The Industrial Product Price Index (IPPI) reflects the prices that producers in Canada receive as the goods leave the plant gate. The IPPI excludes indirect taxes and all the costs that occur between the time a good leaves the plant and the time the final user takes possession of it, including the transportation, wholesale, and retail costs.
The IPPI reflects the prices that Canadian producers receive when goods leave the factory gate, that is, what producers receive for their output. This index is similar to the United Kingdom's producer output index. The index includes prices for major commodities sold by manufacturers, but it excludes indirect taxes and items such as transportation and wholesale and retail costs. The index is affected by the foreign exchange rate of the Canadian dollar versus the U.S. dollar, and each month its impact is noted. The RMPI reflects the prices paid by Canadian manufacturers for key raw materials, either domestically or in world markets. It is published simultaneously with the IPPI and, like that index, has a base year of 1997 and is subject to revisions for six months. This index is analogous to the producer input price index published in the United Kingdom.
The IPPI and RMPI measure prices at the producer level before they are passed along to consumers. Since these indexes measure prices of consumer goods and capital equipment, a portion of the inflation at the producer level gets passed through to the consumer price index (CPI). By tracking price pressures in the pipeline, investors can anticipate inflationary consequences in coming months.

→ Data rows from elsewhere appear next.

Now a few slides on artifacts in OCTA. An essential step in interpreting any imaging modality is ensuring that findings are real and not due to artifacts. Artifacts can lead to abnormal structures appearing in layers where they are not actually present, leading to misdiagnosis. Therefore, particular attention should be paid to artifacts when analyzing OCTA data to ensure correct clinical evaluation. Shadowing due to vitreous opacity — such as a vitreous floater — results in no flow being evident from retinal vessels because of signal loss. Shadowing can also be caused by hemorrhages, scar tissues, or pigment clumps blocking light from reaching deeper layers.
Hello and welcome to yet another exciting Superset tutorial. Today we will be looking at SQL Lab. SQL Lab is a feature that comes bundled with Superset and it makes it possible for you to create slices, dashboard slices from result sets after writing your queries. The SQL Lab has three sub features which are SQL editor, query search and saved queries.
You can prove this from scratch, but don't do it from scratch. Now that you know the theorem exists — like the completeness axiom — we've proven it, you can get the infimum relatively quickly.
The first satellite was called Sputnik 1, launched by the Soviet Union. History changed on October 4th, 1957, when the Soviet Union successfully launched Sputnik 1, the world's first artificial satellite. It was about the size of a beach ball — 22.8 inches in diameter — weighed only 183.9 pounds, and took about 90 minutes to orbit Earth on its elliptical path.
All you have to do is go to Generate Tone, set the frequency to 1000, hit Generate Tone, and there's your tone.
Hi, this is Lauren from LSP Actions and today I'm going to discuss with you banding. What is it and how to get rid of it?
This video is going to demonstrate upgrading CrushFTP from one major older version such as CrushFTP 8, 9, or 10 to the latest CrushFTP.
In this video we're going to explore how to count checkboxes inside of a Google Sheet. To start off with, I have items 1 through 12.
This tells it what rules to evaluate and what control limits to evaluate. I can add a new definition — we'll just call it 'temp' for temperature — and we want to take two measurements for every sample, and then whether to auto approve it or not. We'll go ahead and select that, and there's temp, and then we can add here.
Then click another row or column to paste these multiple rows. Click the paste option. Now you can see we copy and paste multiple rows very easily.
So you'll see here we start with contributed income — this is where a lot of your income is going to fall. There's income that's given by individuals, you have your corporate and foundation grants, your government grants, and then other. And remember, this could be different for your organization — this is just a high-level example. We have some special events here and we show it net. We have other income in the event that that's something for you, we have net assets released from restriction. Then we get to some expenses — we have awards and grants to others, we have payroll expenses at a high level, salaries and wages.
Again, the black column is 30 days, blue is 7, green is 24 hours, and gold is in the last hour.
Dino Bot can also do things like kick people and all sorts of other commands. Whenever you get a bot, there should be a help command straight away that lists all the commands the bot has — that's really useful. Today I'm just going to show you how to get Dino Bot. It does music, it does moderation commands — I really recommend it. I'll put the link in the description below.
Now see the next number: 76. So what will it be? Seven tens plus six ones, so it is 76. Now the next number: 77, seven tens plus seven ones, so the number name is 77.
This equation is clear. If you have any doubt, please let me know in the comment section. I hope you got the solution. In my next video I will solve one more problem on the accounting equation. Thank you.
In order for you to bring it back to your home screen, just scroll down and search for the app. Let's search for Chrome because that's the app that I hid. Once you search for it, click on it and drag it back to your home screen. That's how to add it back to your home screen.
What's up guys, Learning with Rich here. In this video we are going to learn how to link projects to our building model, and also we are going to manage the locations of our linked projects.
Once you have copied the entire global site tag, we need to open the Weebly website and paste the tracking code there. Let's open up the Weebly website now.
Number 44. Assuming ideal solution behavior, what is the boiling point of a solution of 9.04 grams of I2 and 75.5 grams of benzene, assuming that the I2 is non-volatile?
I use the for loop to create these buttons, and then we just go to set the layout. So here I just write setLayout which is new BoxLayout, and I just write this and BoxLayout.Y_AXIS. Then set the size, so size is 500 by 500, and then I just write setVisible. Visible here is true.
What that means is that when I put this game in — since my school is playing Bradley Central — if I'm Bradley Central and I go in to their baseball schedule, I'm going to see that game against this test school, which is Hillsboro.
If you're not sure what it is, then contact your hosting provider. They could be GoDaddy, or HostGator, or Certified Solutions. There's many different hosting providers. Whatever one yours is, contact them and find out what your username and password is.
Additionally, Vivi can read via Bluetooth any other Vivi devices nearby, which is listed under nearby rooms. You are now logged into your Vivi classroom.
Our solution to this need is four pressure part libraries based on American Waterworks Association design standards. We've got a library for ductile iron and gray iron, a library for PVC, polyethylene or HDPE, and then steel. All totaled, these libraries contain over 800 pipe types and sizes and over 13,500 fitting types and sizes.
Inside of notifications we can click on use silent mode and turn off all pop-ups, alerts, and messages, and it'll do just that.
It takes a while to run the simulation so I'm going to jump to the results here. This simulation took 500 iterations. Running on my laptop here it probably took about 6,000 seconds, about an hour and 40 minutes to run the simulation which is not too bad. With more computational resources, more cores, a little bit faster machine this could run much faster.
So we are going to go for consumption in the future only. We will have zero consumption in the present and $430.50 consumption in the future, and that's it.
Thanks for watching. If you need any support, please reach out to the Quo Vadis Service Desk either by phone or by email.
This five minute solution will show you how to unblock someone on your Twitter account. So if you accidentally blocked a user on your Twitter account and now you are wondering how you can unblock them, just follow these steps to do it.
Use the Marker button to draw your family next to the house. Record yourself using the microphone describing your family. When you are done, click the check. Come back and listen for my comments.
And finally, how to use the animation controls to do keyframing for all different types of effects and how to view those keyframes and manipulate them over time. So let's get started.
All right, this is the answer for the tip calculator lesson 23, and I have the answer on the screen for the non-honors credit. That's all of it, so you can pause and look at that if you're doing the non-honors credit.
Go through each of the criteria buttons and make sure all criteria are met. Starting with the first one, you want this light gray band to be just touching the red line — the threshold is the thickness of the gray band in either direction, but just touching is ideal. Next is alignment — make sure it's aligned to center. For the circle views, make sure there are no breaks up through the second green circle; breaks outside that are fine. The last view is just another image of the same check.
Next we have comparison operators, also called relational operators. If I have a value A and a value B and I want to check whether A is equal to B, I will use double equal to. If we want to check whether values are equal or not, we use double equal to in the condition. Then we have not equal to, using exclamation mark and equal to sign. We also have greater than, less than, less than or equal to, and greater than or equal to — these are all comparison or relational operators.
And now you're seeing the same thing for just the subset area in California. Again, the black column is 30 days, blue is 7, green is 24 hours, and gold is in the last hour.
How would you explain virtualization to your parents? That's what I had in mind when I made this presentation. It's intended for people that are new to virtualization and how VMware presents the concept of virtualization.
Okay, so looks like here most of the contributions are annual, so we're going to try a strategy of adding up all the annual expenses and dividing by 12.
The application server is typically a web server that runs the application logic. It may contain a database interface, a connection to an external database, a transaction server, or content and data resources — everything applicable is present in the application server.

While the CPI is the price index with the most impact in setting interest rates, the PPI provides significant information earlier in the production process. As a starting point, interest rates have an "inflation premium" and components for risk factors. A lender will want the money paid back from a loan to at least have the same purchasing power as when loaned. The interest rate at a minimum equals the inflation rate to maintain purchasing power and this generally is based on the CPI. Changes in inflation lead to changes in interest rates and, in turn, in equity prices.
The PPI is considered a precursor of both consumer price inflation and profits. If the prices paid to manufacturers increase, businesses are faced with either charging higher prices or they taking a cut in profits. The ability to pass along price increases depends on the strength and competitiveness of the marketplace.